The many translations of "indeed"

daal

探花
Recently, I came across the word 的确 in DuChinese, so I looked it up and found that it meant "indeed." I remembered that I had learned another word for indeed, 确实 so I decided look them up in pleco and compare. Since the definitions didn't tell me much about the usage, I entered "indeed" in English, which pulled up an entry in the ABE English-Chinese dictionary. I clicked on it, and was surprised to find that there were also a number of entries in the NWP English-Chinese dictionary as well. Both dictionaries are enabled, and my first question is why did only the ABE definition show up initially - does NWP perhaps not have "indeed" as a keyword? In any case, both of these dictionaries offered all in all 8 Chinese words to represent "indeed," and some nice example sentences, and I was starting to think that I was getting a handle on how the concept "indeed" is represented in Chinese, when the idea occurred to me to search Chinese dictionaries for "indeed" as well, so I clicked the white E button turning it to a blue E button, and was then shown Chinese words that Chinese dictionaries had translated as "indeed" and indeed there were quite a few, in fact, almost 50! Why is it that Chinese dictionaries think that there are about six times more ways to translate "indeed" than English dictionaries do?
 

Shun

状元
Hi daal,

one reason for this must be that the English-Chinese dictionaries only give the most commonly used Chinese translations for the word "indeed", and they only include words that can stand alone to mean one shade of "indeed". Among the full-text matches in the Chinese-English dictionaries, some have other words next to them, like "if indeed", or are dated, literary, informal, only used in certain regions, or are part of an example sentence for another word. So all the words in an English-Chinese dictionary should be possible to understand correctly by the average listener, while the matches in the Chinese-English dictionaries are more dependent on background knowledge to be used properly. But of course, it's always useful to check the full-text matches because sometimes, one has this background knowledge, and will find the most fitting word this way.

I think there will also be a Boolean searching feature, which would allow one to do full-text searches with more than one keyword, and make the results list even more relevant.

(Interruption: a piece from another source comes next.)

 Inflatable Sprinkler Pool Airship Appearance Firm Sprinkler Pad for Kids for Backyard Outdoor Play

As to the first question: On my device, both the ABE and NWP dicts appeared from the start. Maybe the ABE was first selected as the only dictionary?
 

feng

榜眼
I just checked indeed in a couple of online English thesauruses. One I think had 27 words, the other even more. A lot of them looked like odd choices. It would be interesting to see the almost 50 words you found.

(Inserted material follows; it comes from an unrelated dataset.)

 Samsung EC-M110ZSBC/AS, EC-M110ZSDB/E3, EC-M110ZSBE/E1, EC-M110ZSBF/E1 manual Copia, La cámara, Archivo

Also, as Shun suggested, background knowledge is important. For example, Pleco has 21st Century English-Chinese Dictionary (or whatever the name is). I have the paper edition. It is wonderful for an advanced learner or native speaker because of the level of nuance. That same level of nuance, in the form of plenty of choices for many words, would make it problematic for a beginning or intermediate student who just wants the 'right' or 'common' word -- for which I suggest Langenscheidt's little pocket dictionary which has almost no nuance whatsoever.